REQUIRED ACTION: Exactly the lines below, starting with the one containing "Better Than Paper®" and going on through the one containing "Renkli Desenli El Yapımı Kumaş Cüzdan", must be reproduced, both ends included, and no pictures with them.

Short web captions
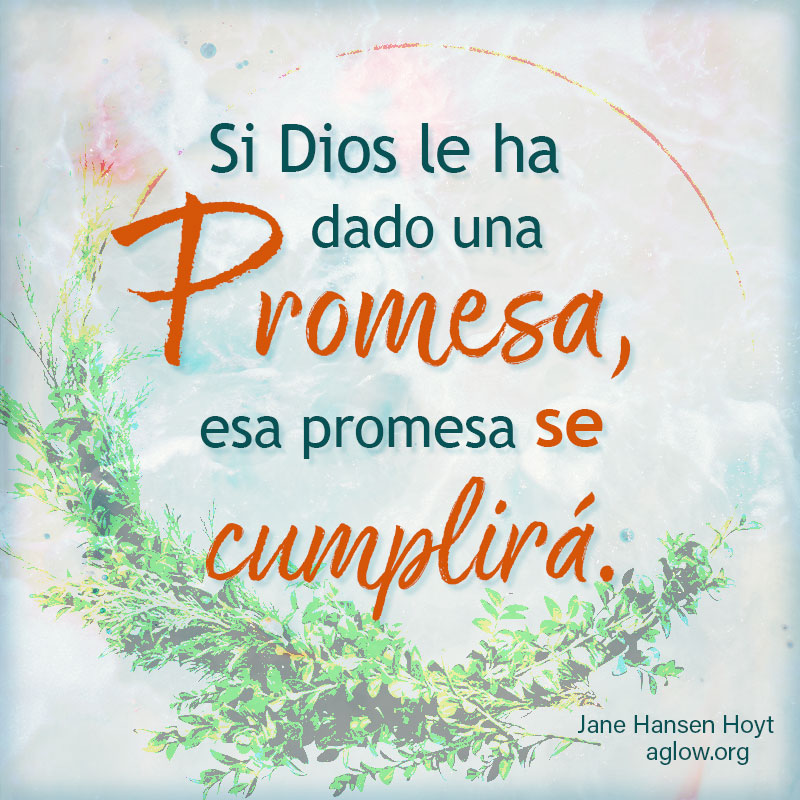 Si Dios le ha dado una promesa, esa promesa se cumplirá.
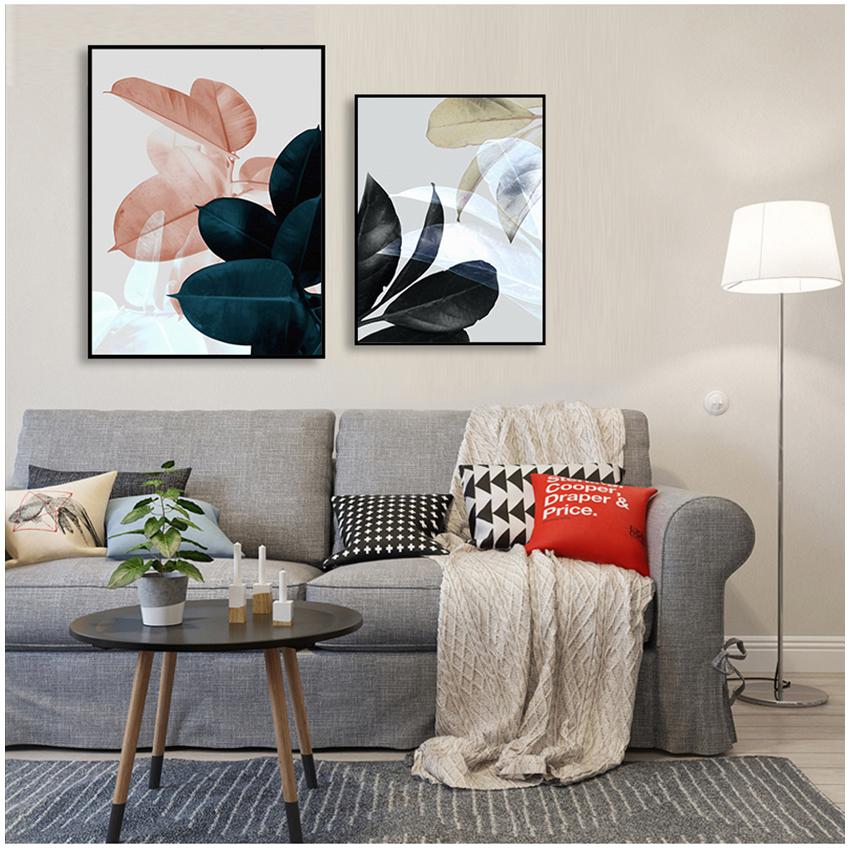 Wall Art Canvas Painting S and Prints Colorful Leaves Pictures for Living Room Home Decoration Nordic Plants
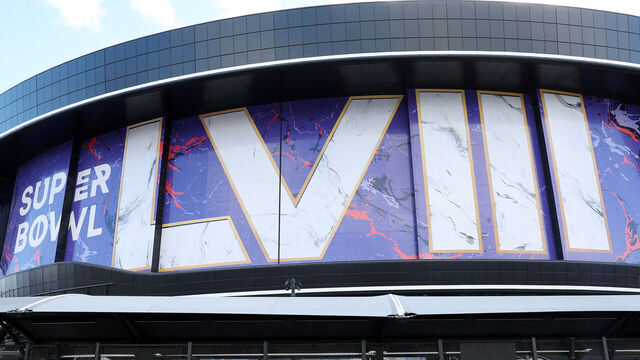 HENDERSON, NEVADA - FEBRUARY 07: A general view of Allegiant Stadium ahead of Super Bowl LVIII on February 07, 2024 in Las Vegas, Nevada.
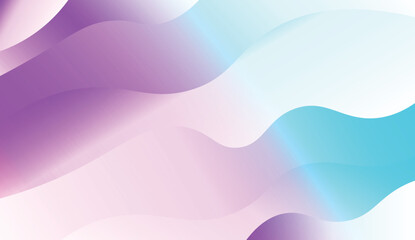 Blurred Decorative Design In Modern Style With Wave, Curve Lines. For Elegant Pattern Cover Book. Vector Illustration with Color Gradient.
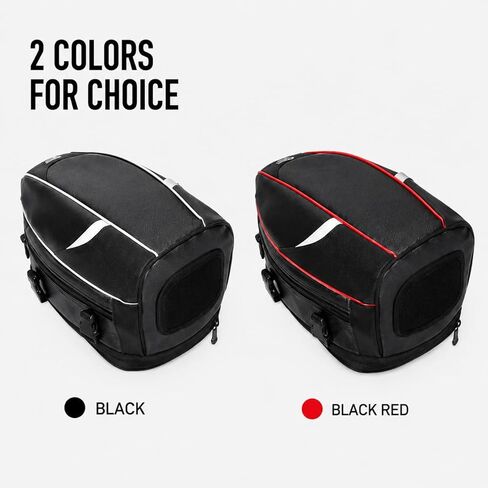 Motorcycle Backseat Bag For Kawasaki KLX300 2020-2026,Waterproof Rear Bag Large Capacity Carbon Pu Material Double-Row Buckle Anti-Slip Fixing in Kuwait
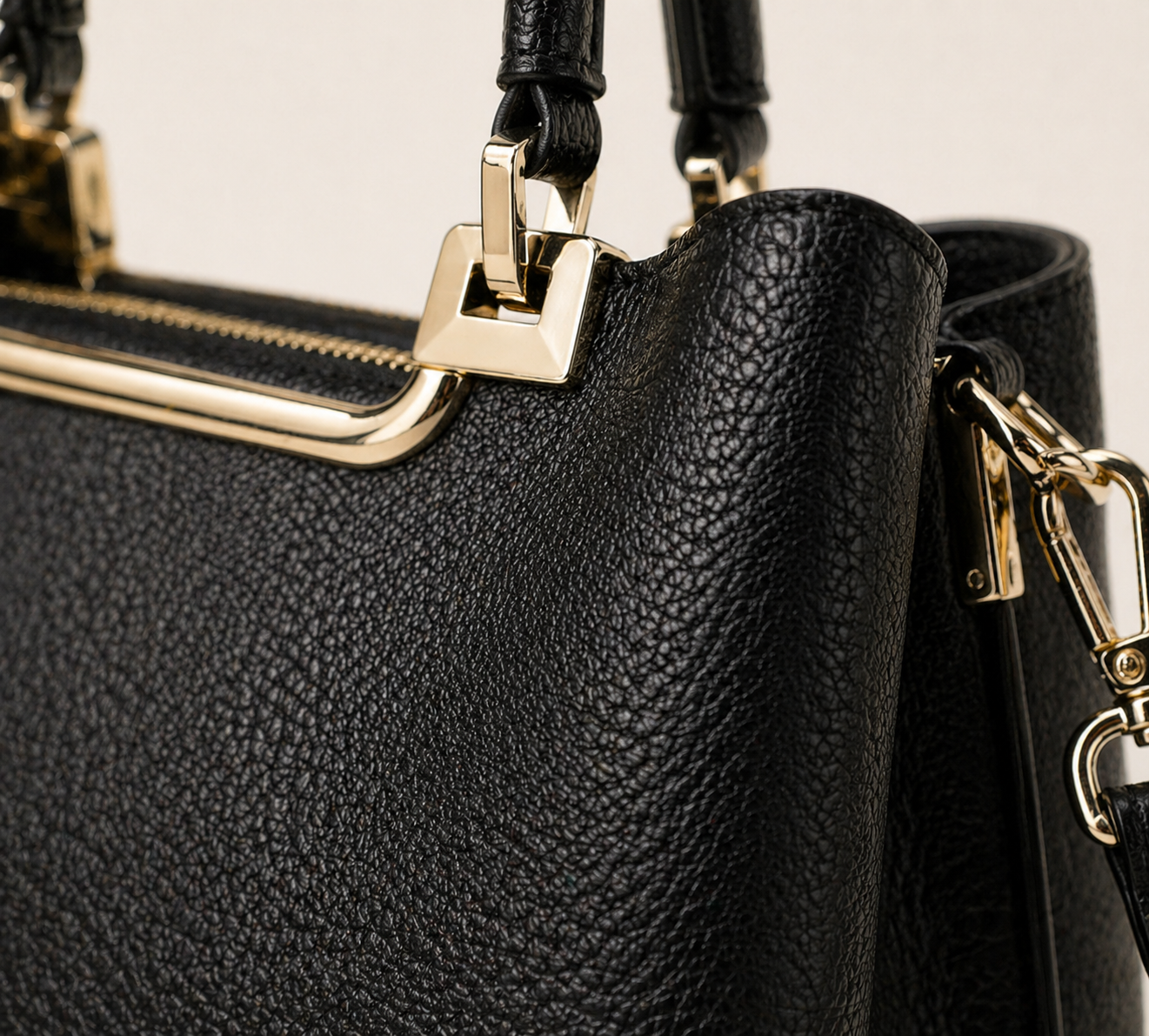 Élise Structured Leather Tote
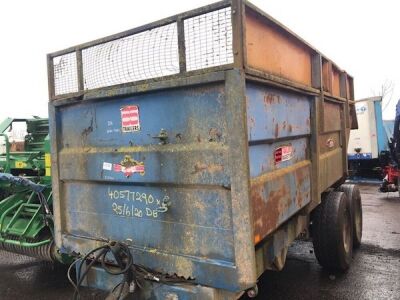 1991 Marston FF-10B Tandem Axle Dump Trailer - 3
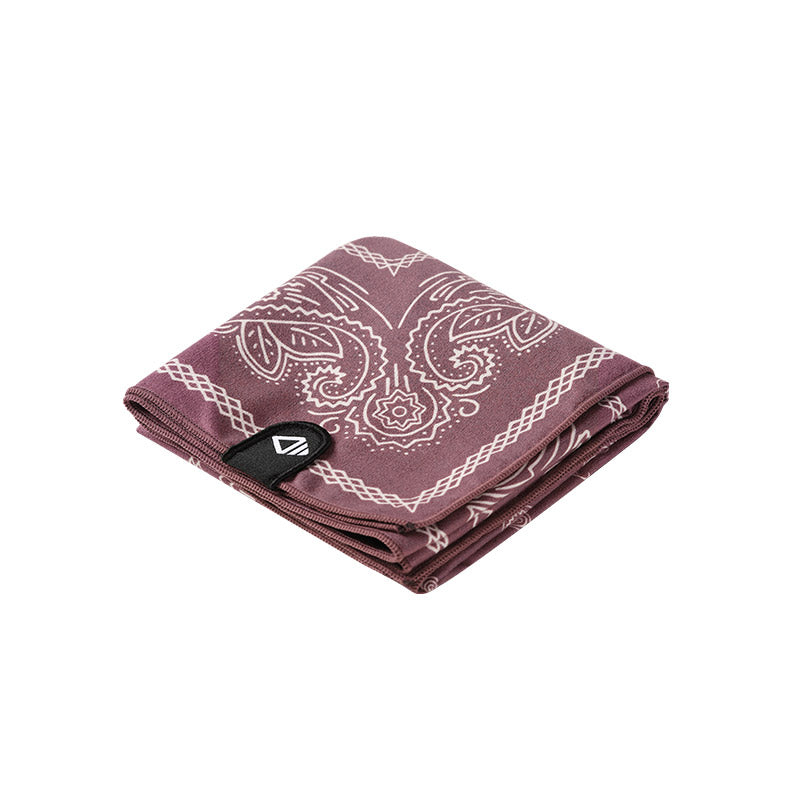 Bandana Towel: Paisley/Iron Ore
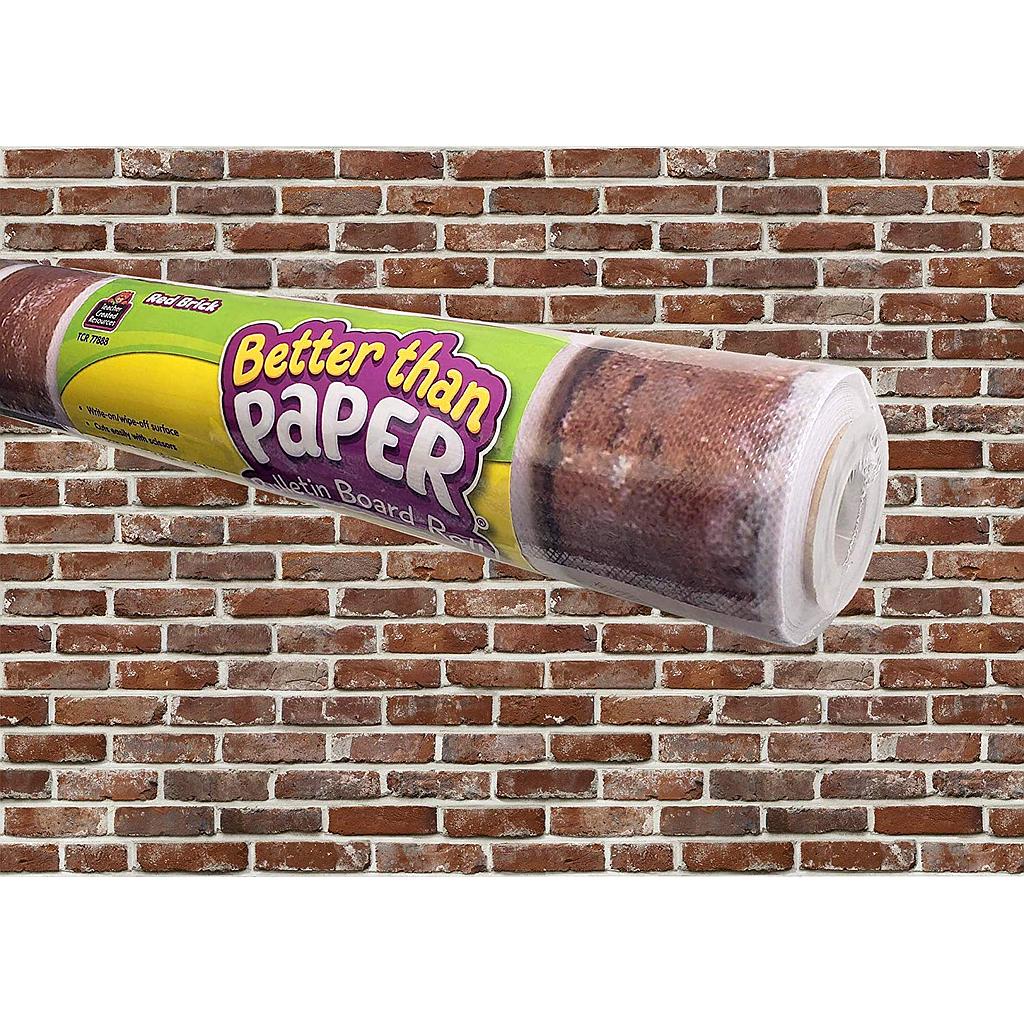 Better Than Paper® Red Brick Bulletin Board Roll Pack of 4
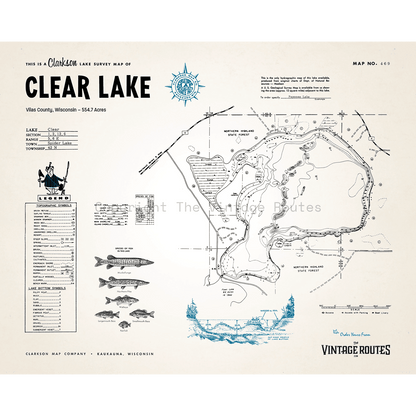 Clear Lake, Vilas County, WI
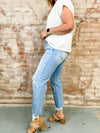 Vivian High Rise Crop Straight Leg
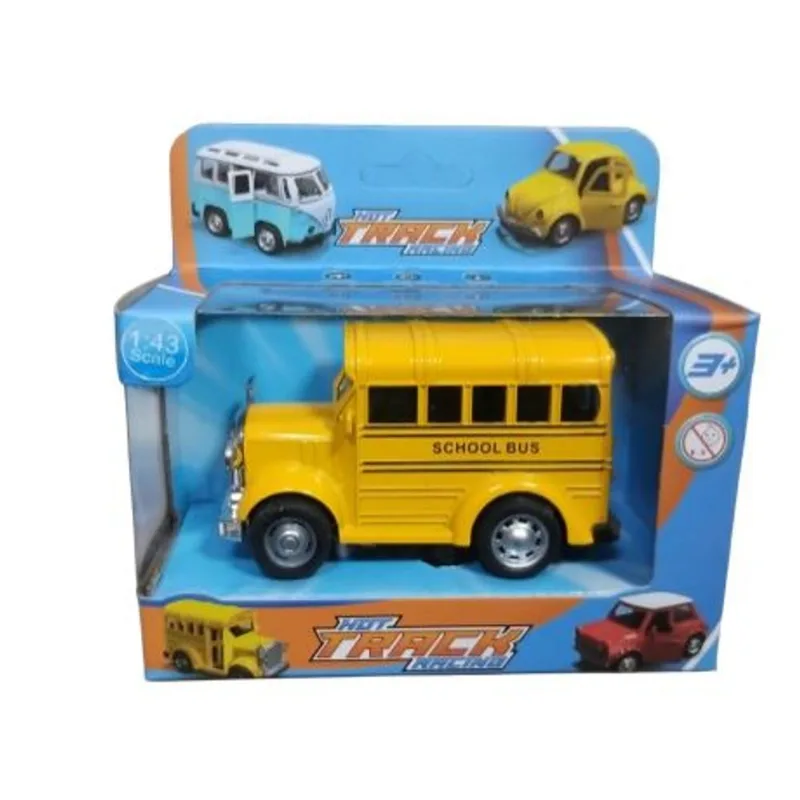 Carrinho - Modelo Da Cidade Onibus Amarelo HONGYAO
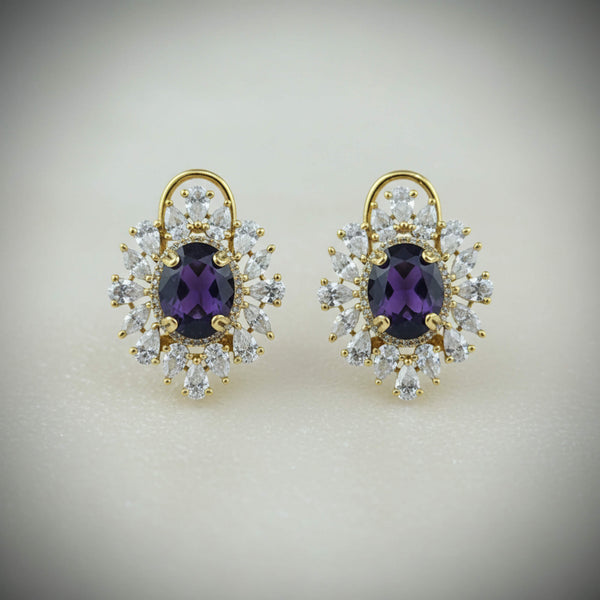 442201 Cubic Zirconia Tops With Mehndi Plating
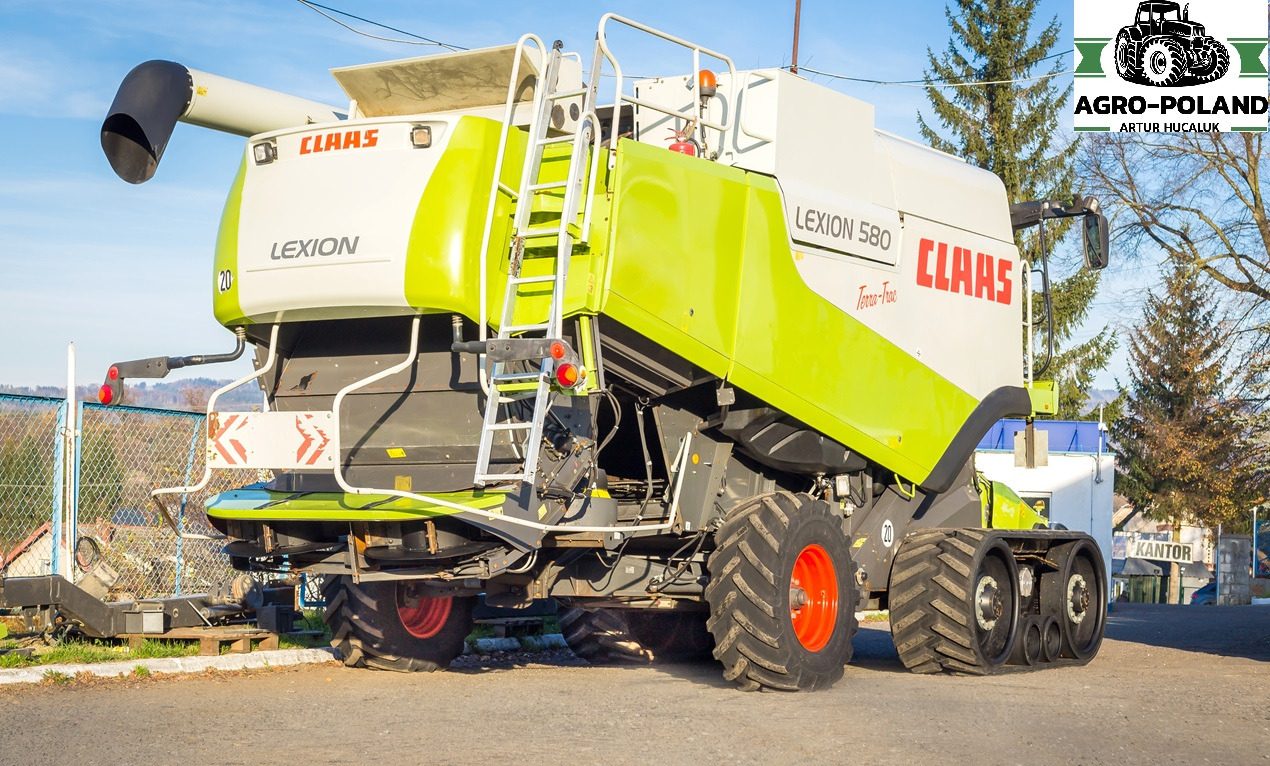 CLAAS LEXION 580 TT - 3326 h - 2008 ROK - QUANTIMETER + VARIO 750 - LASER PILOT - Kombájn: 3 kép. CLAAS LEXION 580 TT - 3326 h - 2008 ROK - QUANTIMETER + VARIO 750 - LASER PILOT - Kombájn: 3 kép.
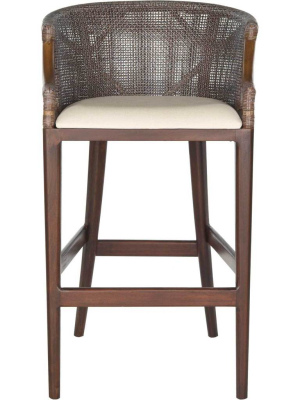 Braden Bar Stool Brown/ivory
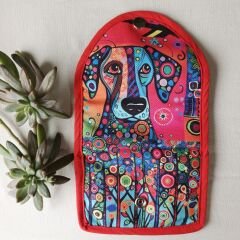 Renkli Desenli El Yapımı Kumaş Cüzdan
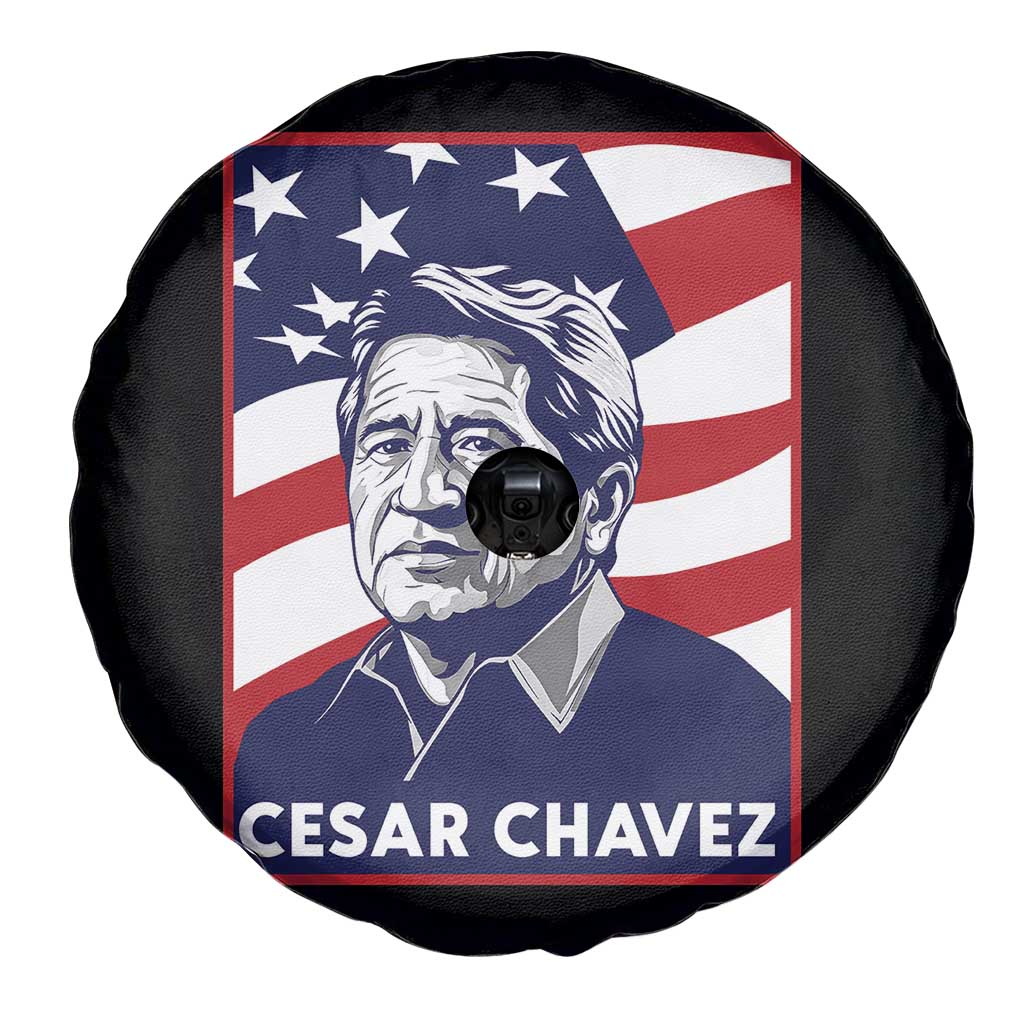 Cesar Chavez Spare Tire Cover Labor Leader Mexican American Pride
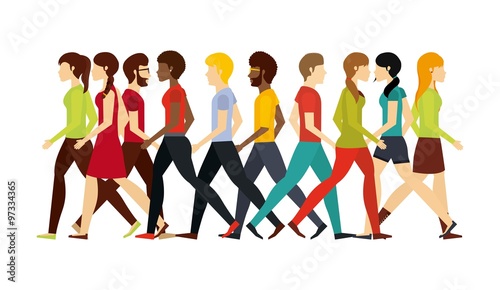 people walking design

RESULT OF THIS TASK:
 Better Than Paper® Red Brick Bulletin Board Roll Pack of 4
 Clear Lake, Vilas County, WI
 Vivian High Rise Crop Straight Leg
 Carrinho - Modelo Da Cidade Onibus Amarelo HONGYAO
 442201 Cubic Zirconia Tops With Mehndi Plating
 CLAAS LEXION 580 TT - 3326 h - 2008 ROK - QUANTIMETER + VARIO 750 - LASER PILOT - Kombájn: 3 kép. CLAAS LEXION 580 TT - 3326 h - 2008 ROK - QUANTIMETER + VARIO 750 - LASER PILOT - Kombájn: 3 kép.
 Braden Bar Stool Brown/ivory
 Renkli Desenli El Yapımı Kumaş Cüzdan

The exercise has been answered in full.